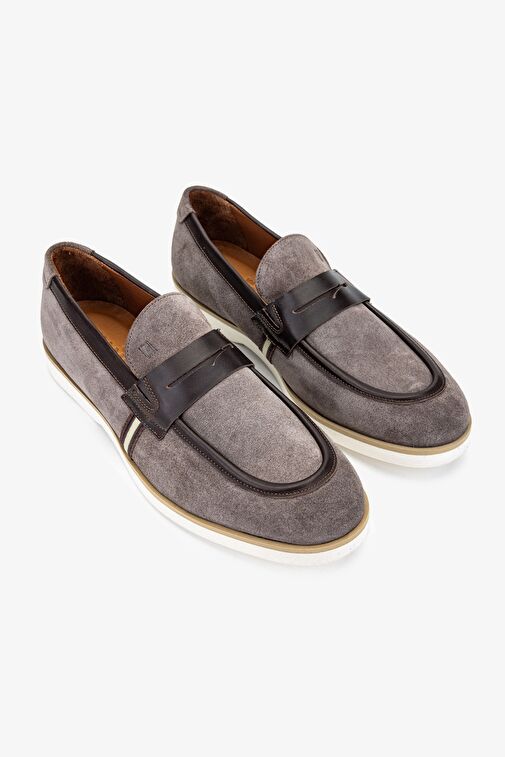 Valmenti Runo Erkek Bej Süet Hakiki Deri Loafer Ayakkabı - Görsel 3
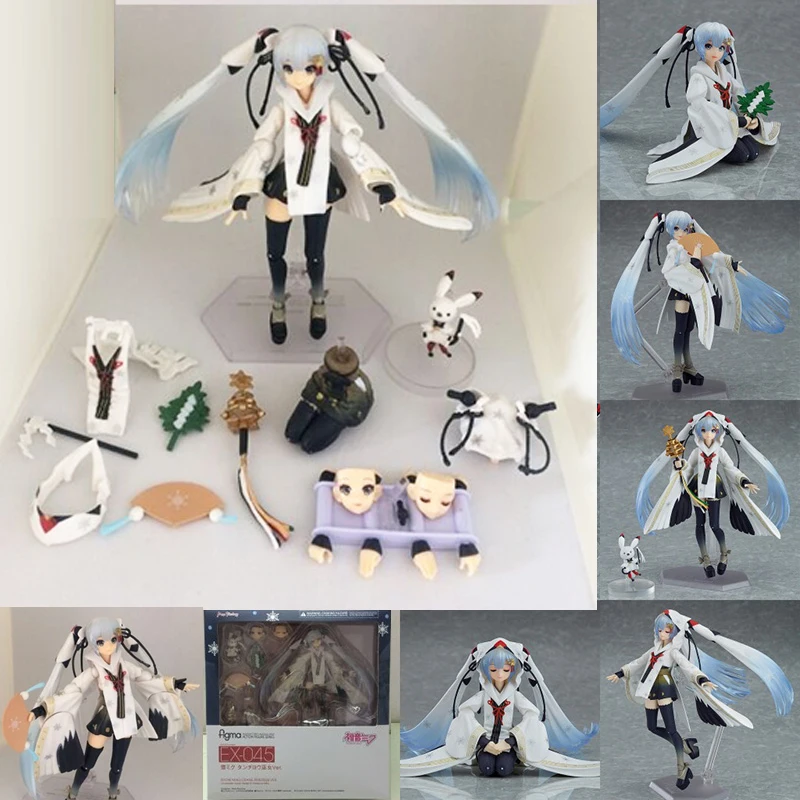 Hastune Мику Figma 045 рисунок Ex снег Хацунэ кран жрица версия действия ПВХ Цифры игрушки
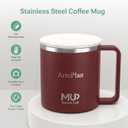 14oz Insulated Coffee Mug with Lid, Stainless Steel Coffee Mug with Handle, Double Wall Vacuum Tumbler, Leak-Proof Cup, Hot & Cold Drinks, Travel Mug for Christmas Gift, Car, Office, Camping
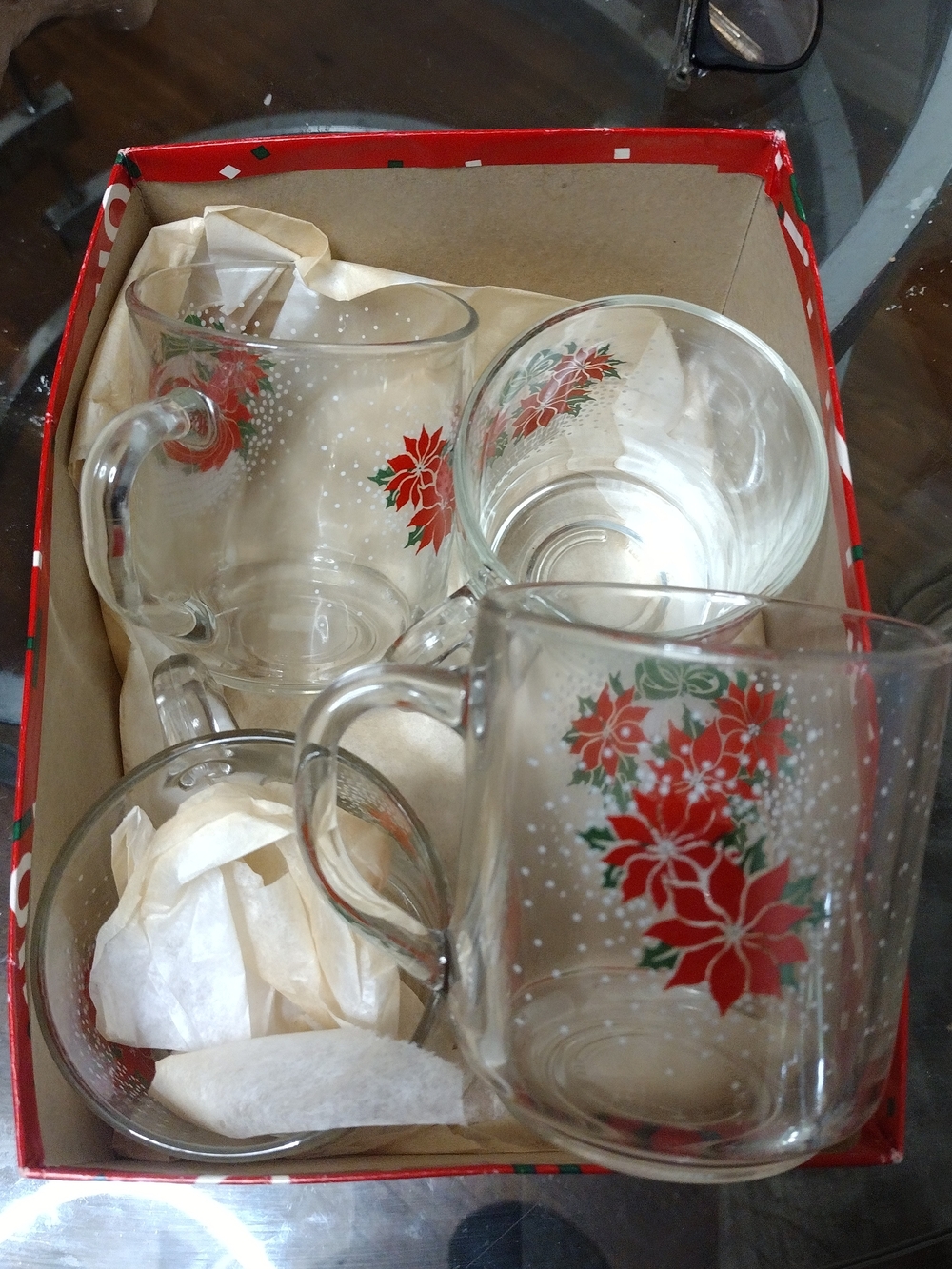 Clear Glass Holiday Mugs with Red Poinsettia Design (Set of 4)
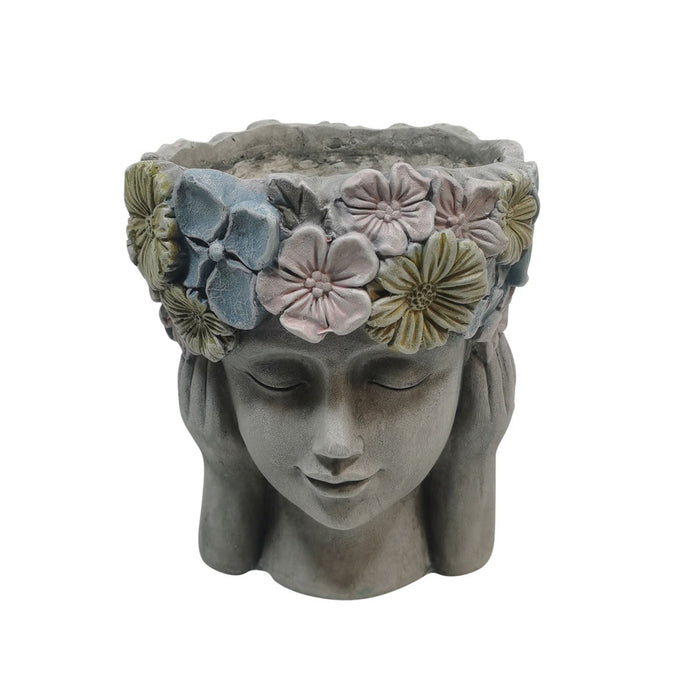 11" Face Planter With Flower Crown - Grey / Multi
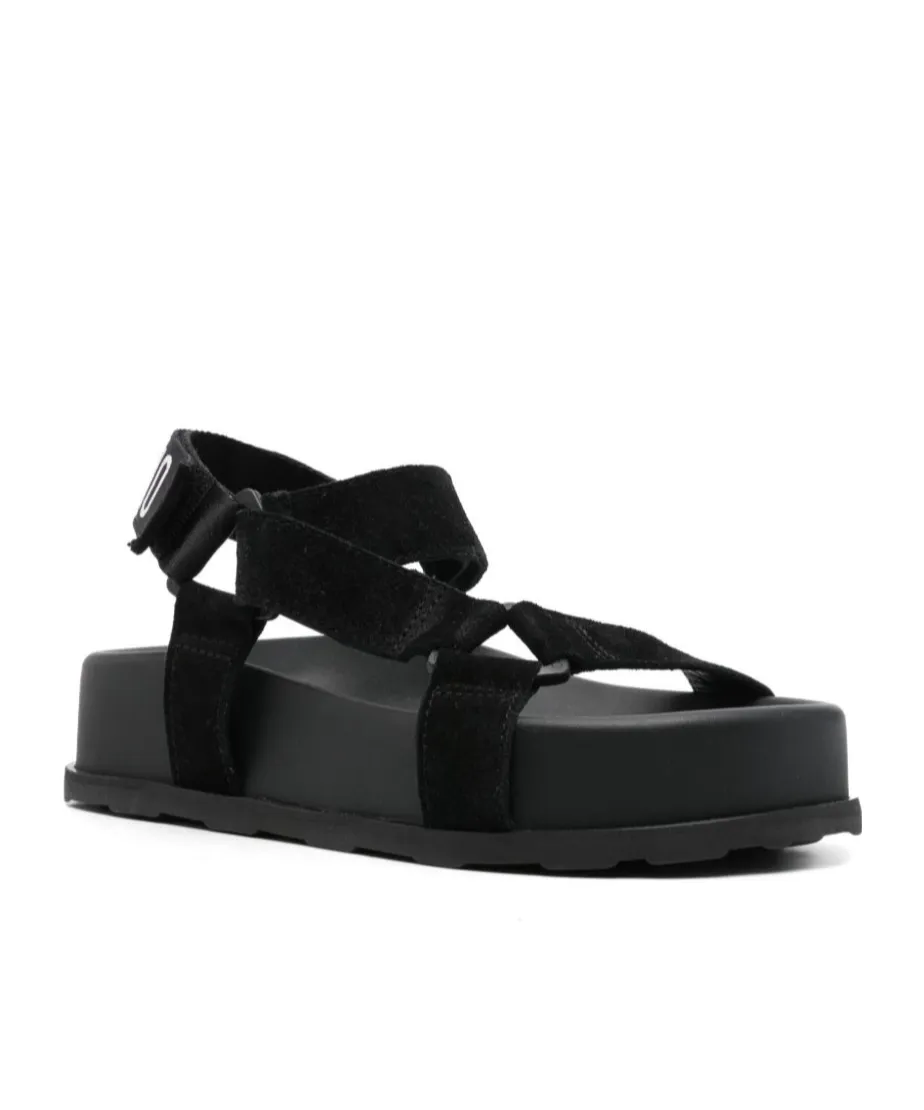 Logo Embroidered Touch Strap Sandals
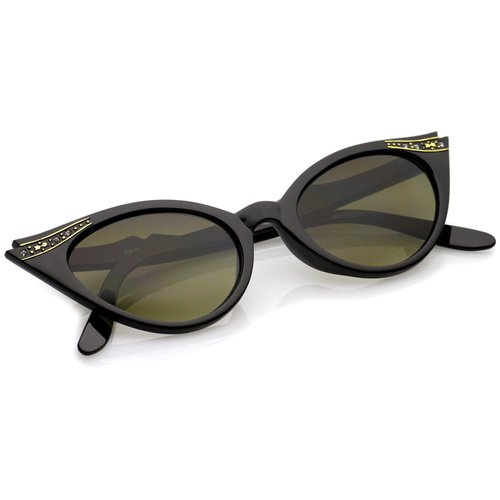 zeroUV 50s Vintage Cat Eye Sunglasses for Women UV400 Embellished with Rhinestones, Pinup Girl and Rockabilly Accessories, Fashionable Retro Jeweled Glasses 50mm (Black)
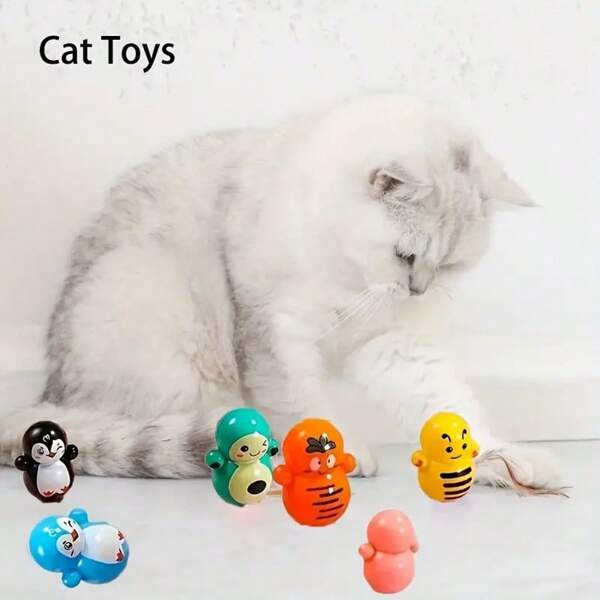 10pcs/20pcs Cat Rolling Toys, Random Assorted Styles, Cat Companion Interactive Toys, Battery Free; Mini Roly-Poly Cat Toy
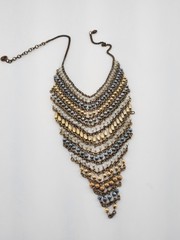 ZAR Vintage Cascading Layered Gold and Silver Tone Beads Mesh Statement Necklace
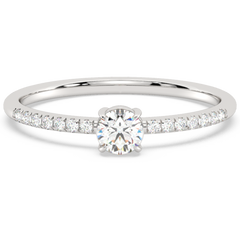 SPECIAL!.35ct G SI 14K White Gold Round Diamond Thin Engagement Ring  Size 6.5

• Problem details
Word for word, restate the whole listing and drop the images.

• Answer to this exercise
 Valmenti Runo Erkek Bej Süet Hakiki Deri Loafer Ayakkabı - Görsel 3
 Hastune Мику Figma 045 рисунок Ex снег Хацунэ кран жрица версия действия ПВХ Цифры игрушки
 14oz Insulated Coffee Mug with Lid, Stainless Steel Coffee Mug with Handle, Double Wall Vacuum Tumbler, Leak-Proof Cup, Hot & Cold Drinks, Travel Mug for Christmas Gift, Car, Office, Camping
 Clear Glass Holiday Mugs with Red Poinsettia Design (Set of 4)
 11" Face Planter With Flower Crown - Grey / Multi
 Logo Embroidered Touch Strap Sandals
 zeroUV 50s Vintage Cat Eye Sunglasses for Women UV400 Embellished with Rhinestones, Pinup Girl and Rockabilly Accessories, Fashionable Retro Jeweled Glasses 50mm (Black)
 10pcs/20pcs Cat Rolling Toys, Random Assorted Styles, Cat Companion Interactive Toys, Battery Free; Mini Roly-Poly Cat Toy
 ZAR Vintage Cascading Layered Gold and Silver Tone Beads Mesh Statement Necklace
 SPECIAL!.35ct G SI 14K White Gold Round Diamond Thin Engagement Ring  Size 6.5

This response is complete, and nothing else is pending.